# Data to process:

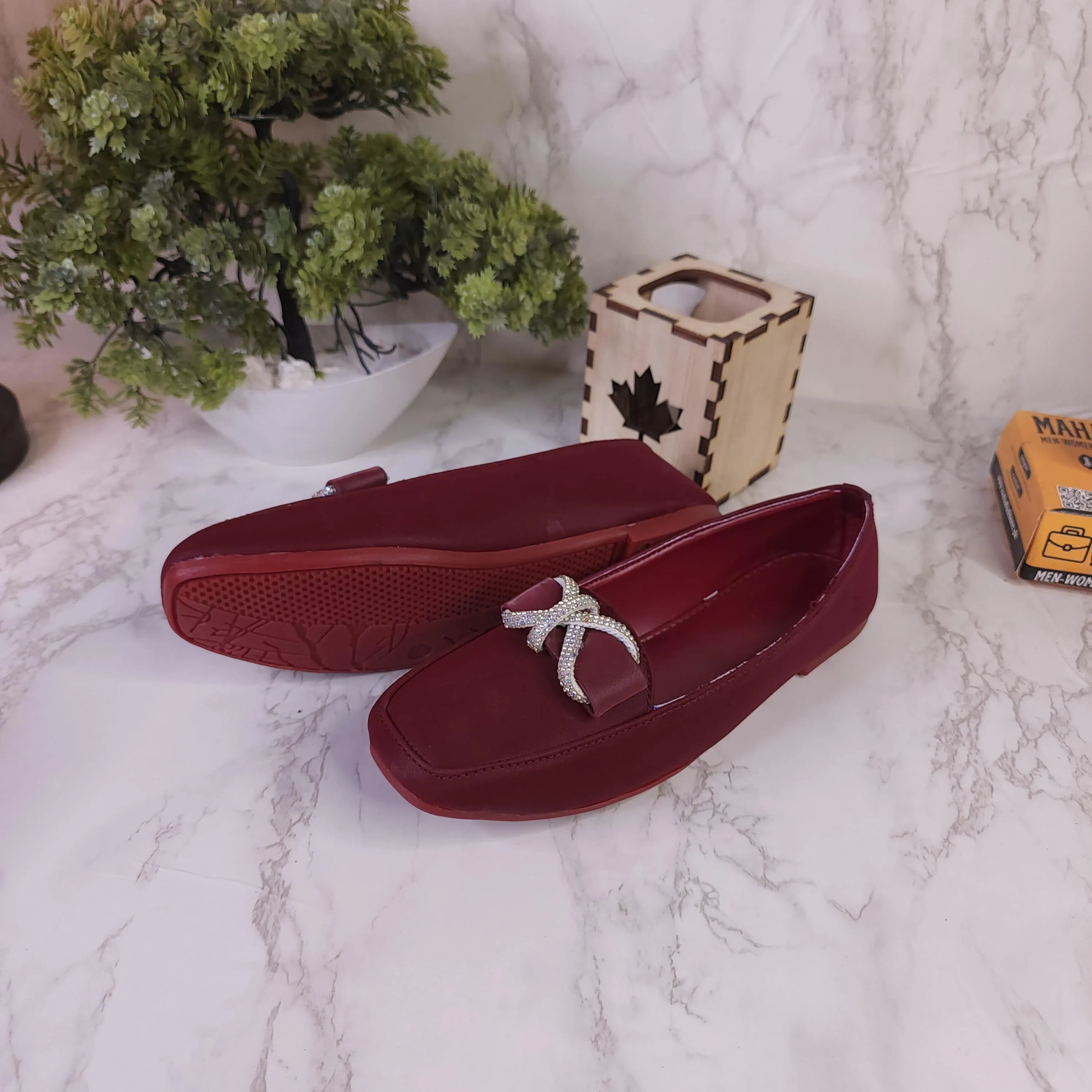 Maroon Buckle Loafers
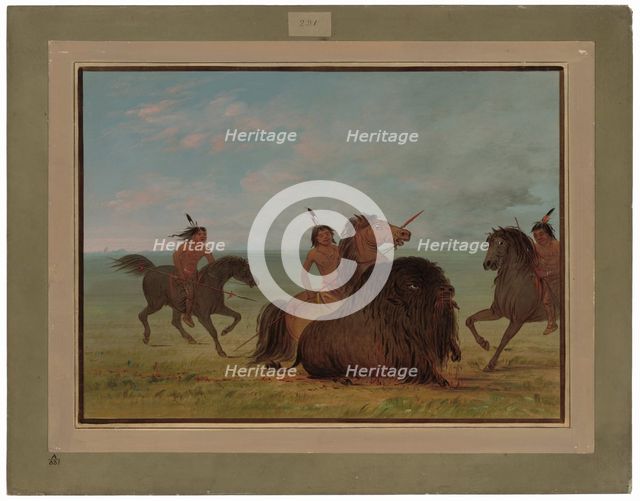 Camanchees Lancing a Buffalo Bull, 1861/1869. Creator: George Catlin.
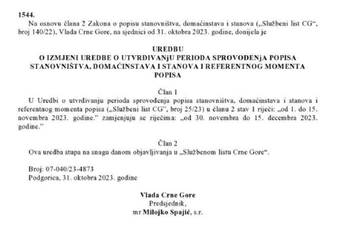 Službeni list objavio odluku Vlade o odlaganju popisa Službeni list objavio odluku Vlade o odlaganju popisa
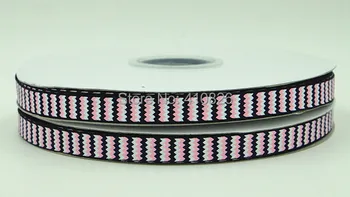 P&N de la cinta 3/8inch 9mm 140916003 Chevron Impreso de grosgrain cinta 50yds/rollo de envío gratis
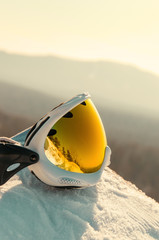 ski goggles on the snow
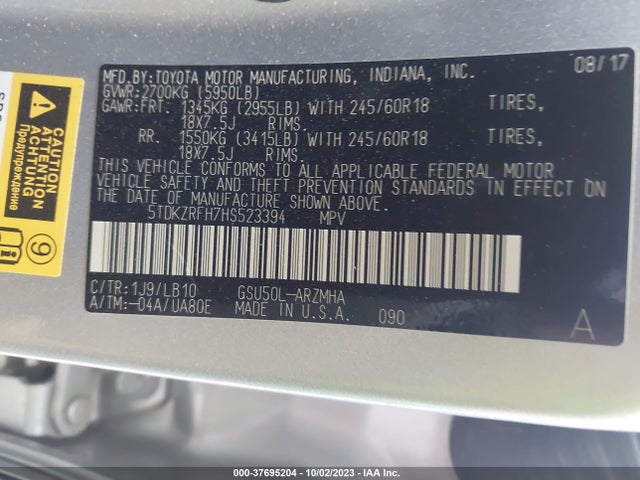 Toyota Highlander Xle/se 2017 5TDKZRFH7HS523394 Image 9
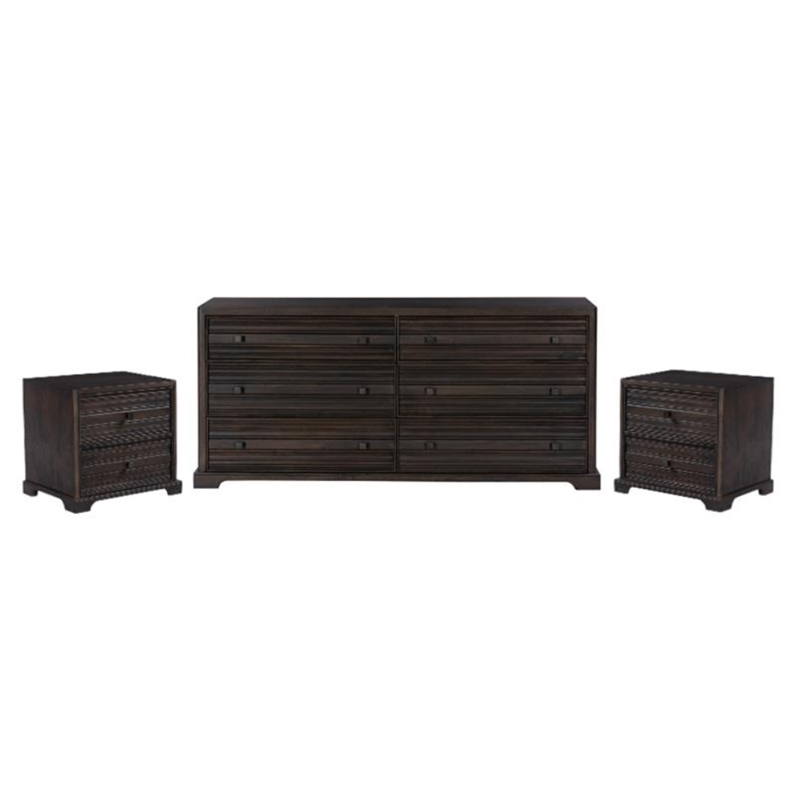 Carmenita Bedroom Set With 1 Dresser And 2 Nightstands In Rich Umber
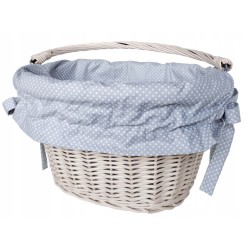 Koszyk na rower wiklinowy kosz na kierownicę naturalny + wkład Jackmar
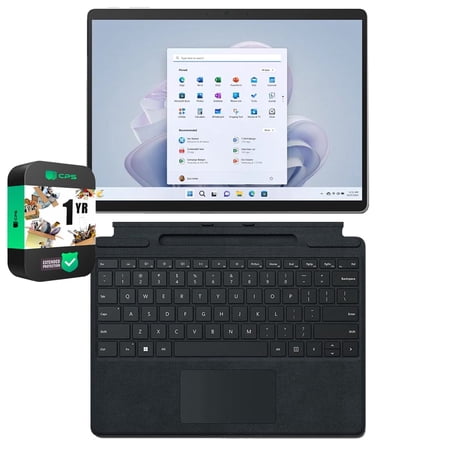 Microsoft QIL-00001 Surface Pro 9 13" Touch Tablet, Intel i7, 16GB/256GB, Platinum Bundle with Microsoft Surface Pro Signature Mechanical Keyboard, Black and 1 Year Extended Warranty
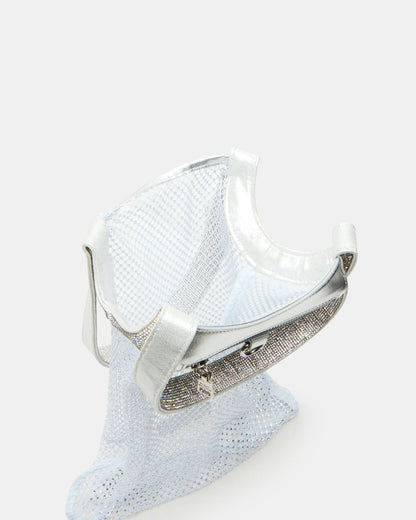 MAKIA White Women's Crystal Rhinestone Shoulder Strap Net Tote Handbag | Steve Madden Latest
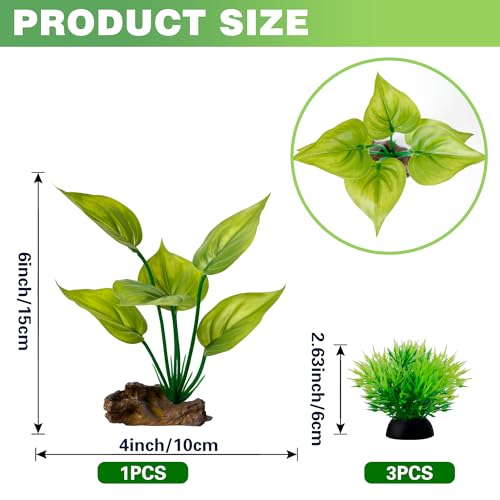 Fish Tank Artificial Plastic Plants Decorations 6inch Silk Betta Leaf pad Hammock Hides Small Aquarium Decor Fish Bowl Accessories Reptiles Turtle Tank Driftwood Ornaments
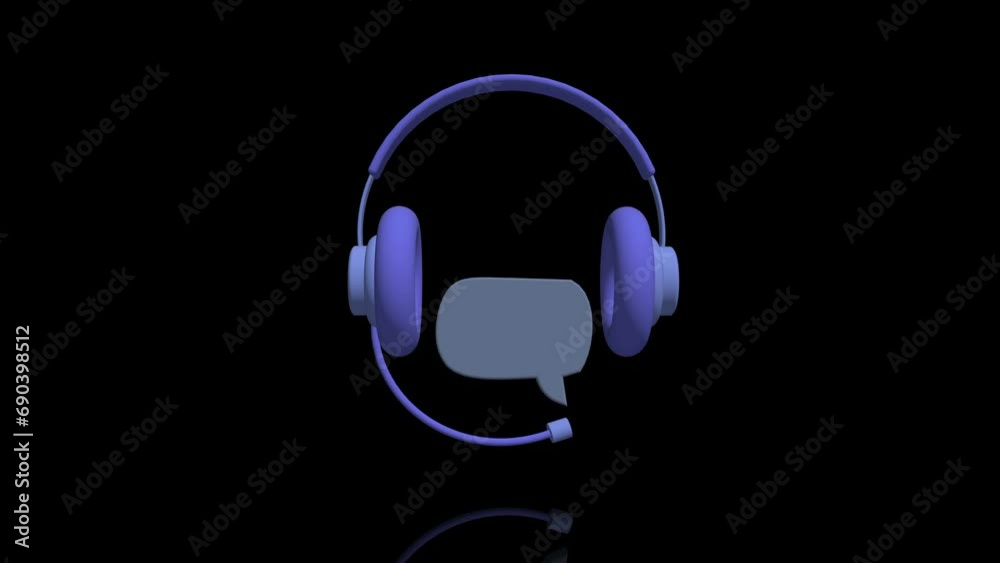 3D call center customer service icon turns on itself 3D call center customer service icon turns on itself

# Work required:
Every record is to be repeated exactly, and no picture is carried over.

# Task result:
 Maroon Buckle Loafers
 Camanchees Lancing a Buffalo Bull, 1861/1869. Creator: George Catlin.
 Službeni list objavio odluku Vlade o odlaganju popisa Službeni list objavio odluku Vlade o odlaganju popisa
 P&N de la cinta 3/8inch 9mm 140916003 Chevron Impreso de grosgrain cinta 50yds/rollo de envío gratis
 ski goggles on the snow
 Toyota Highlander Xle/se 2017 5TDKZRFH7HS523394 Image 9
 Carmenita Bedroom Set With 1 Dresser And 2 Nightstands In Rich Umber
 Koszyk na rower wiklinowy kosz na kierownicę naturalny + wkład Jackmar
 Microsoft QIL-00001 Surface Pro 9 13" Touch Tablet, Intel i7, 16GB/256GB, Platinum Bundle with Microsoft Surface Pro Signature Mechanical Keyboard, Black and 1 Year Extended Warranty
 MAKIA White Women's Crystal Rhinestone Shoulder Strap Net Tote Handbag | Steve Madden Latest
 Fish Tank Artificial Plastic Plants Decorations 6inch Silk Betta Leaf pad Hammock Hides Small Aquarium Decor Fish Bowl Accessories Reptiles Turtle Tank Driftwood Ornaments
 3D call center customer service icon turns on itself 3D call center customer service icon turns on itself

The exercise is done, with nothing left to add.